» **Exercise goal**: Go to the line in the entries below that holds "Глава 43 - страница 23" and repeat exactly from there through the line that holds "陈业峰李思伟李梓峰杨超朱俊杰导演动漫猪猪侠之恐龙日记第一季", inclusive.

» **Data for processing**:
□ □ □ □ □
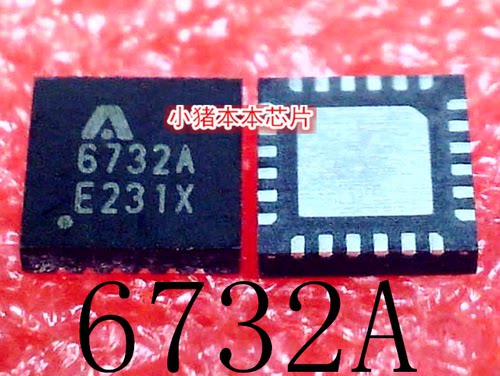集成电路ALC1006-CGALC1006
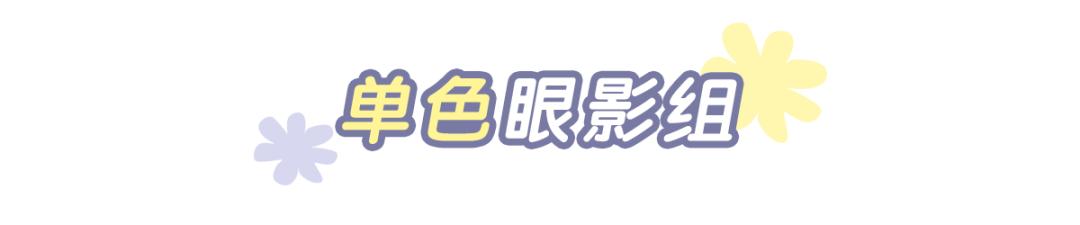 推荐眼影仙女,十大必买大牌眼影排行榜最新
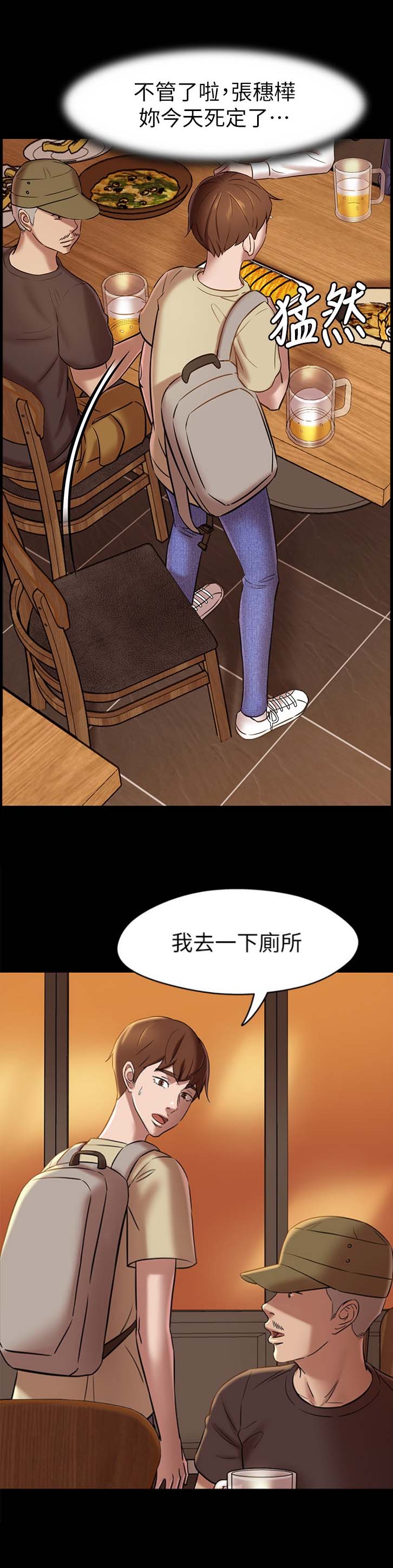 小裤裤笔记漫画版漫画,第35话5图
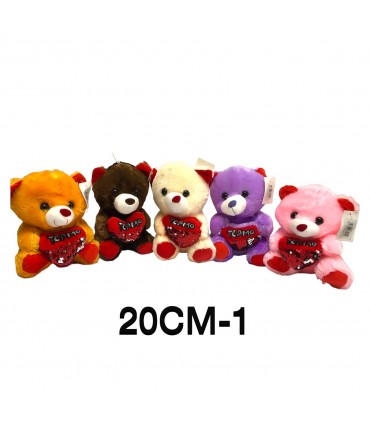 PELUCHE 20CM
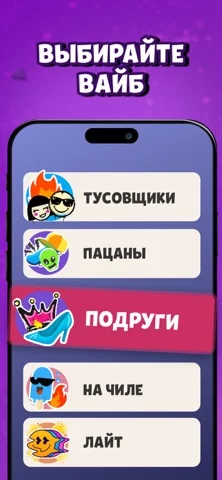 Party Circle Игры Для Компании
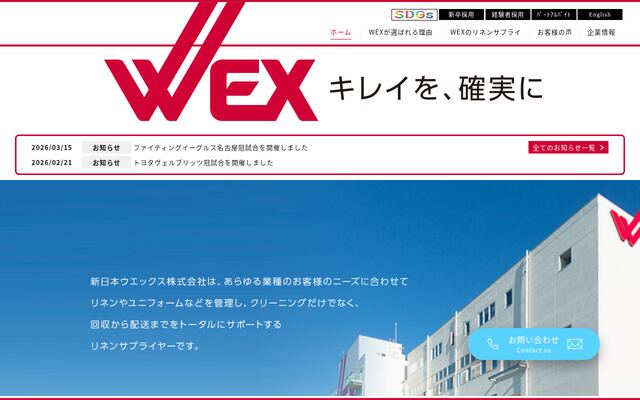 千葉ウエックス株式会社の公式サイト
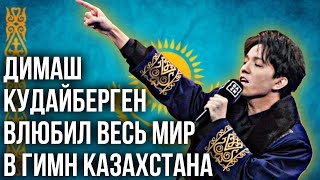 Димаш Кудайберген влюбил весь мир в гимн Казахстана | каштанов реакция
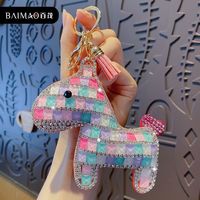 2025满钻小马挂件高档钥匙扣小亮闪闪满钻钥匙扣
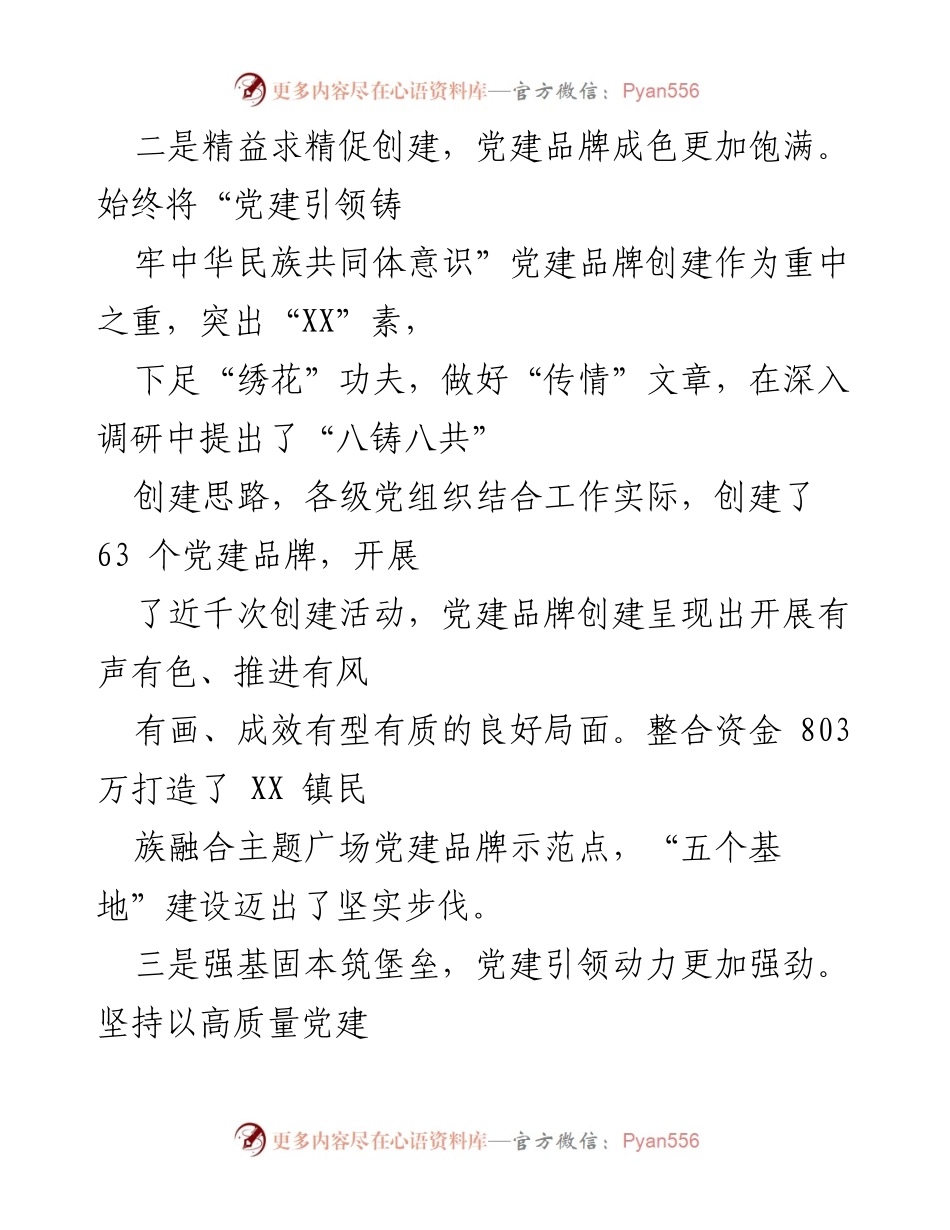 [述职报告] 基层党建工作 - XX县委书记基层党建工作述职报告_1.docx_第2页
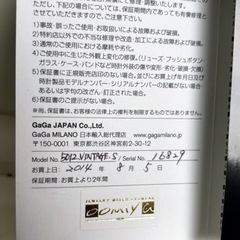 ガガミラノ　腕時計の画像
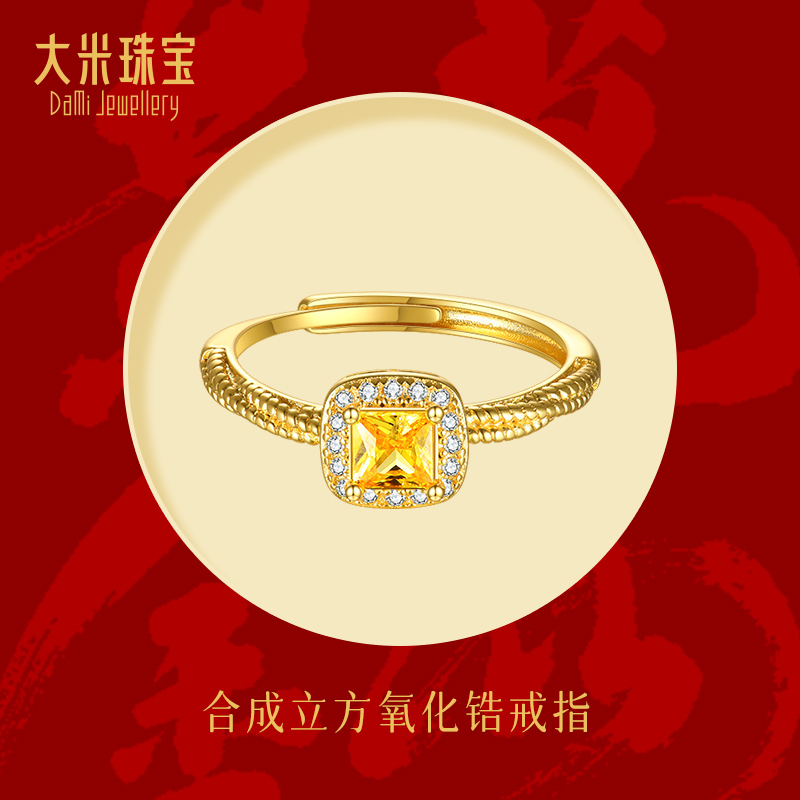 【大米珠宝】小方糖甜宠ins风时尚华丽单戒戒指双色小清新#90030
□ □ □ □ □
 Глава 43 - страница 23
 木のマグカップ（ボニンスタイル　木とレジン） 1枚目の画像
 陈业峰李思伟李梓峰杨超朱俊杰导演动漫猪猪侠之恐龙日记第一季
□ □ □ □ □
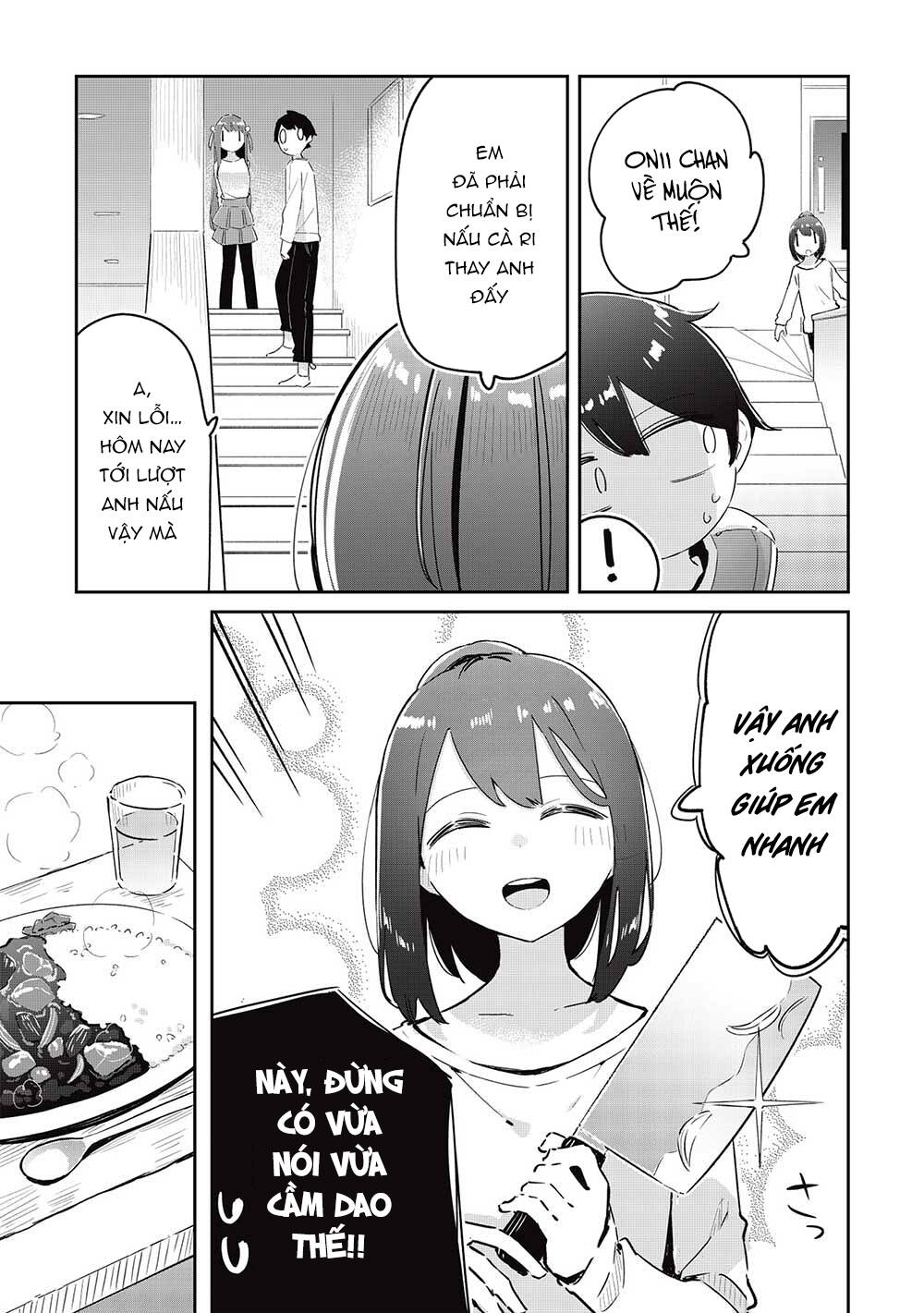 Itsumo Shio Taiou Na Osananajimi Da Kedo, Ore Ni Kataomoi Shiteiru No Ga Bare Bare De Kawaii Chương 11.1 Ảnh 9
□ □ □ □ □
» **Task result**:
 Глава 43 - страница 23
 木のマグカップ（ボニンスタイル　木とレジン） 1枚目の画像
 陈业峰李思伟李梓峰杨超朱俊杰导演动漫猪猪侠之恐龙日记第一季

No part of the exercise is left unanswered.